The strong live, the weak die. That's what Sama taught me, and it's proven true to this day. I am strong. I am strong! I have been ever since they pushed me over the edge. I believe in Sama's words so strongly. So why now am I starting to doubt him?

I've started writing letters. I've needed a new hobby anyway. One can only get so much entertainment out of killing the weak. It becomes boring after a while, it really does. Writing letters like this one are tiresome though, writing to no one.

"Sojiro-kun, you've been so quiet lately, what's gotten into you?"

"It's nothing of concern Shishio-sama."

"Whatever it may be, don't let it distract you!"

"I am not so careless as you to let something like this get to me Yume-san."

"Why you little-" I had made her angry. She would never make it as a swordsman with the way she lets her emotions get to her. She grabbed the front of my hakama and pulled me toward her. I believe it was to gain my full attention. "Don't you dare speak to me like that ever again-"

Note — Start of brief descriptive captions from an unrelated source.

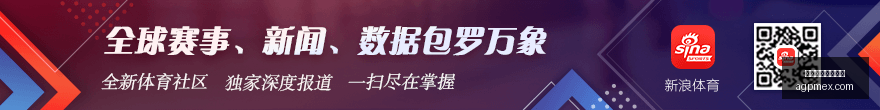 京东电竞战,队夺冠国内,外赛事,拉斯维加斯娱乐城官网,拉斯维加斯娱乐城App,拉斯维加斯娱乐城下载,拉斯维加斯娱乐城登录,拉斯维加斯娱乐城平台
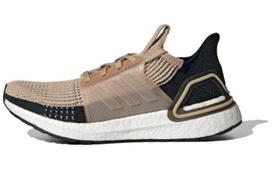 Adidas Wmns UltraBoost 19 'Pale Nude' Moteriški G27495 36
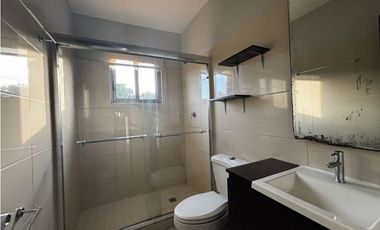 CASA EN VENTA O ALQUILER WOODLANDS PANAMA PACIFICO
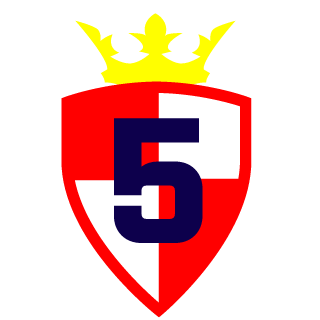 Pudzian20_PL's emblem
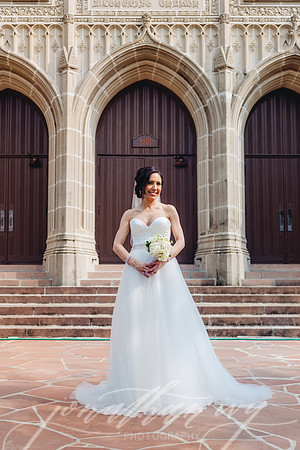 JIP-Kristina-Bridal-46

"Yume-san, you're only proving my point." I smiled at her like usual but strangely, it only angered her more. Shishio-sama was amused at this display. Whether he was laughing at Yume-san or myself, it did not matter.

"Come now Yume, let the boy alone. He does have a point, and he knows his priorities. Nothing will change that."

"Of course Shishio-sama."

Shishio-sama is very understanding, if it weren't for him, I wouldn't be here right now. I would still be with those people I once called my family. The feeling wasn't mutual... It would be nice to have someone to send these letters to. I've been wondering if Shinomori-san would humor me and read these letters. Wouldn't it be fun if Haijime-san would agree? Maybe even the Hitokiri himself! I shouldn't let my imagination take me away like that... but what's the hurt in trying?